La prima storia nei paesi arabi l'abbiamo scritta con l'aiuto di un nostro amico giornalista, per tanto tempo inviato tv in quei luoghi, Franco di Mare, che ringrazio ancora. Ci siamo documentati molto, addirittura attraverso un agente dell'Interpool, per non sbagliare nulla sui traffici di macchine rubate che finiscono in quelle zone. ho parlato molto con gli attori per definire i personaggi e poi con Chiti e Agnello i miei fidi sceneggiatori abbiamo scritto il testo. Con la storia di Carlo Verdone invece è andata diversamente. Io e Carlo eravamo in viaggio verso Sorrento, per le Giornate Professionali di Cinema) e ci siamo inventati la traccia del soggetto e il suo personaggio e una volta fatto questo con gli sceneggiatori mi sono messo a scrivere. Carlo essendo autore a sua volta controlla sempre ciò che accade e una volta ogni tanto andavo da lui per leggere insieme le pagine di sceneggiatura. Alla fine dopo cinque mesi di scrittura abbiamo consegnato l'intera sceneggiatura. Da lì è cominciato il travaglio. Ora siamo al parto ma se ripenso a quanti momenti difficili ci sono stati...
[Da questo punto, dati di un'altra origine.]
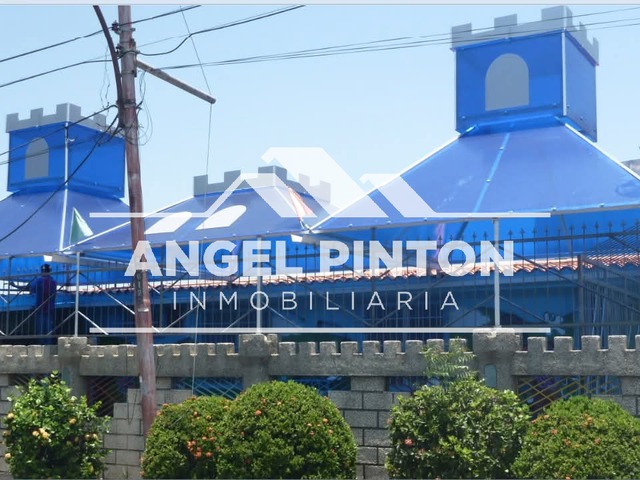 #10303 - CASA COMERCIAL para Venta en Cabimas - V - 2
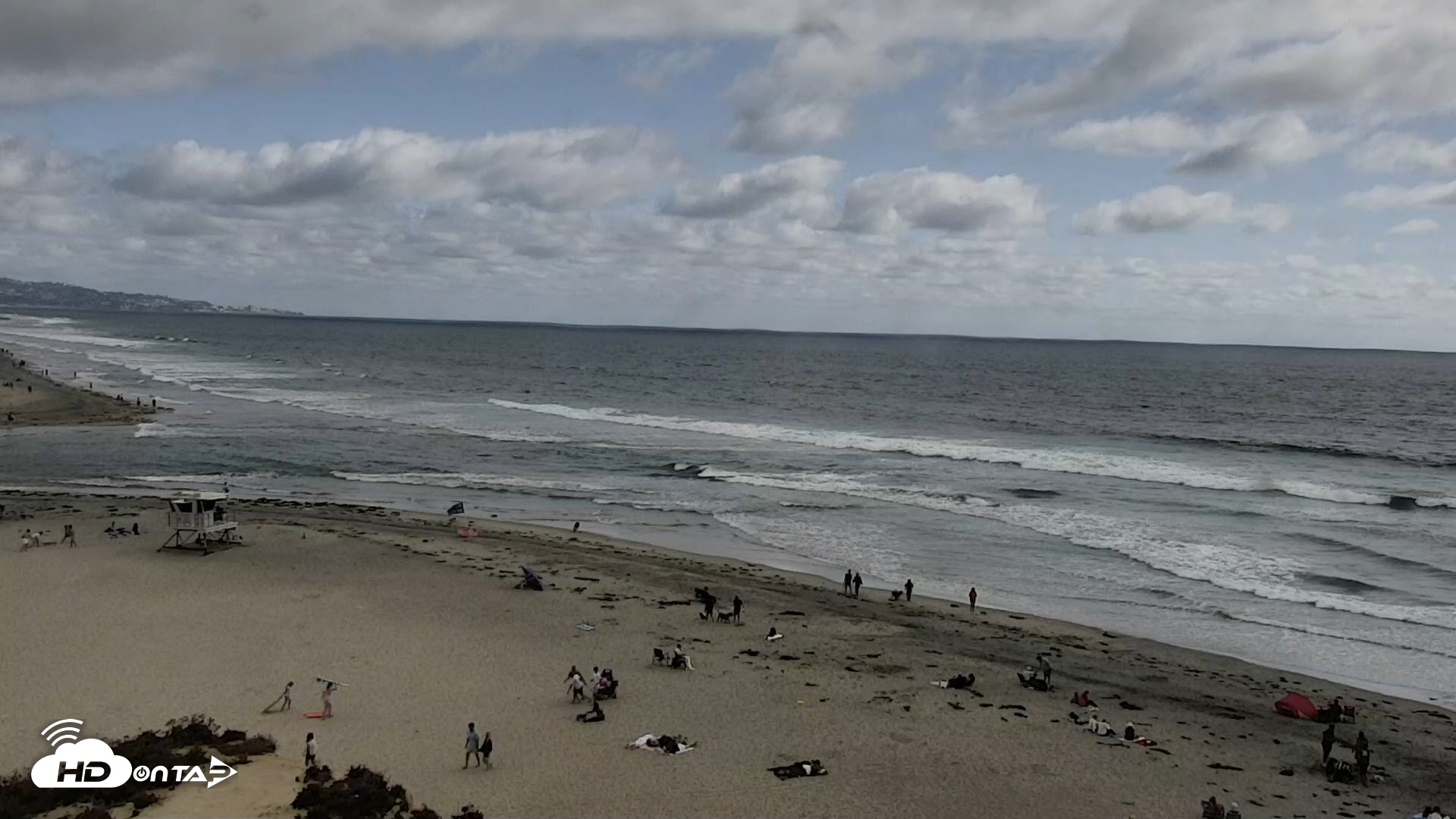 Snapshot of Del Mar Beach North Live Webcam taken May 25, 2026, 4:47pm PDT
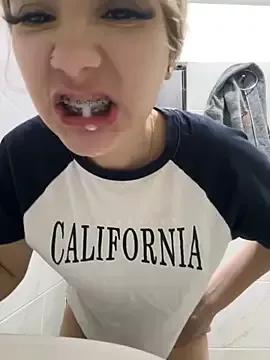 Girls and cam to cam: Watch as these sophisticated entertainers uncover their stunning costumes and curvaceous curves online!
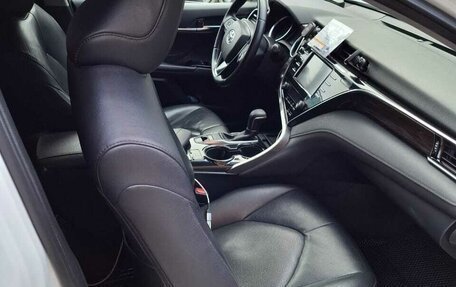 Toyota Camry, 2020 год, 2 200 000 рублей, 11 фотография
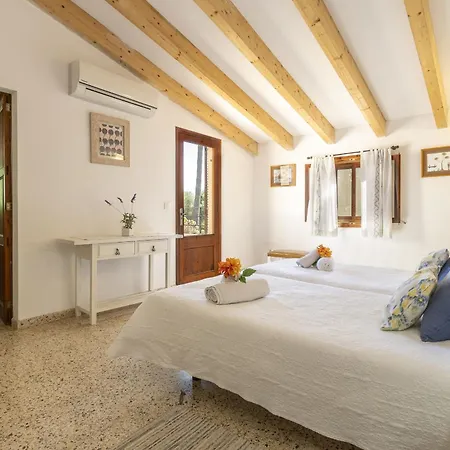 Ferrer By Homevillas360 Port de Pollenca
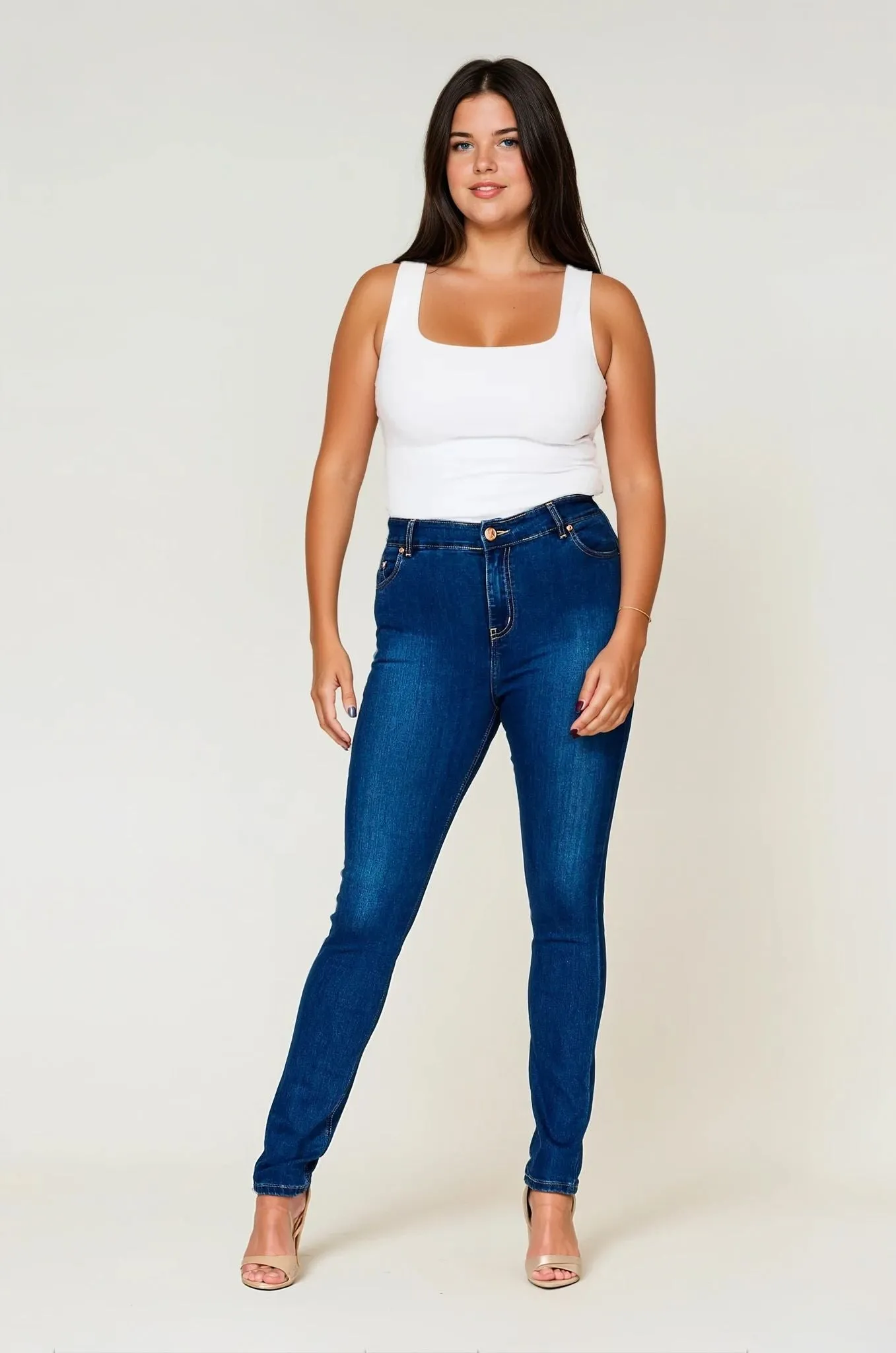 Timeless Comfort Modern Traveler Gear Sunny Vibes Jacqui Vintage Blue Jean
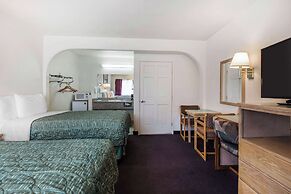 Rodeway Inn Beaumont 1-10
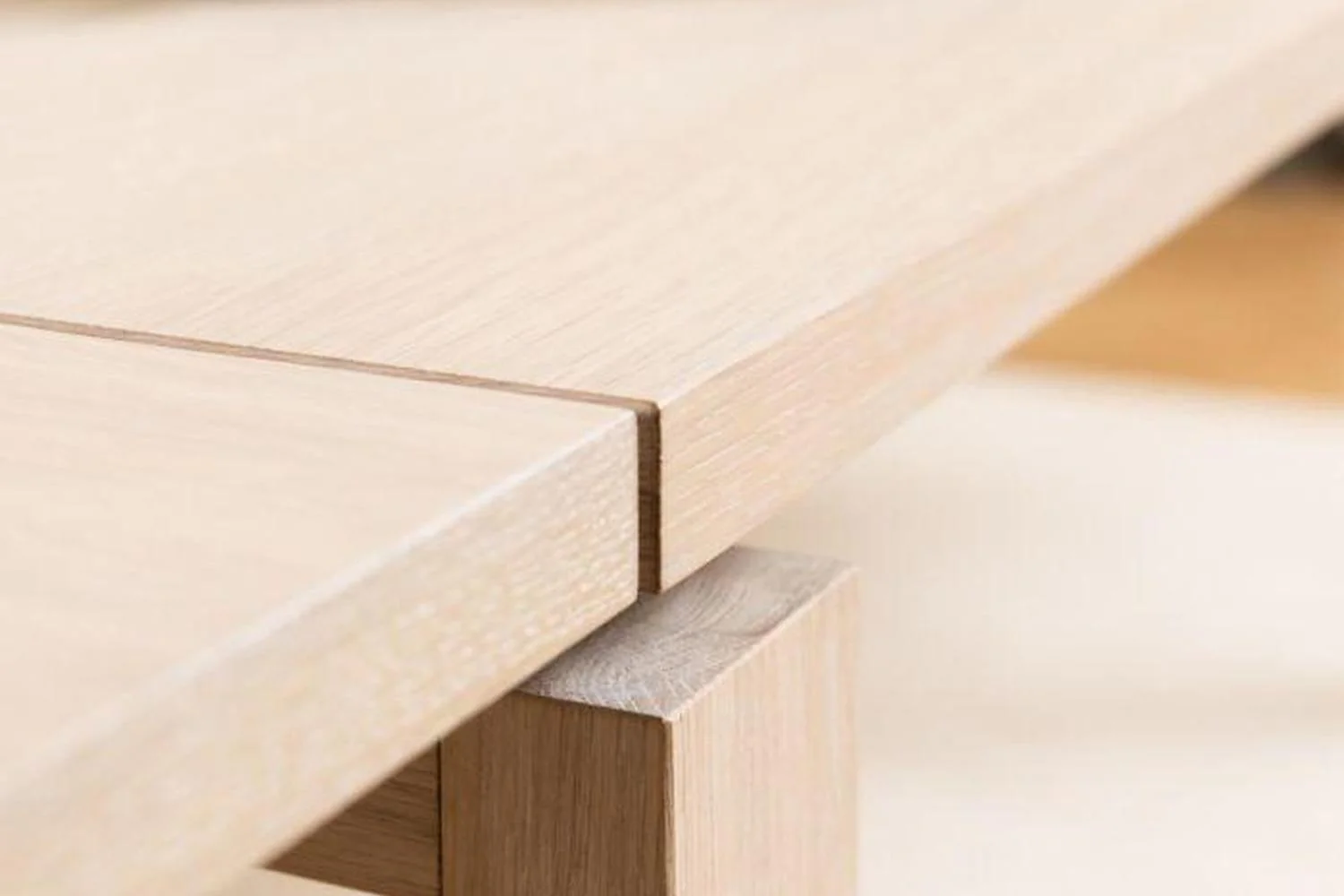 Linley Extending Dining Table in White Oak 200-300cm - Image 6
Sono doverosi i ringraziamenti a tutti i miei collaboratori, audaci e testardi come me, i produttori Aurelio e Luigi che credono in me più di me stesso, a Maurizio Amati che più c’è da lottare e più lotta, a Tani Canevari, un vero scudiero e a tutti gli altri che in qualche modo hanno “viaggiato” con me. Ma concedetemi un ringraziamento speciale a Valeria, la mia Valeria, che mi ha regalato forse il più bel momento del film con il suo sguardo accecante. E’ stata una grande favola questo film ed è per questo che chiude come chiuderebbe una fiaba dolce e antica… “C’era una volta un’Italia fatta di pezza stesa su un prato verde e tanti bambini piccini seduti intorno a lei…”.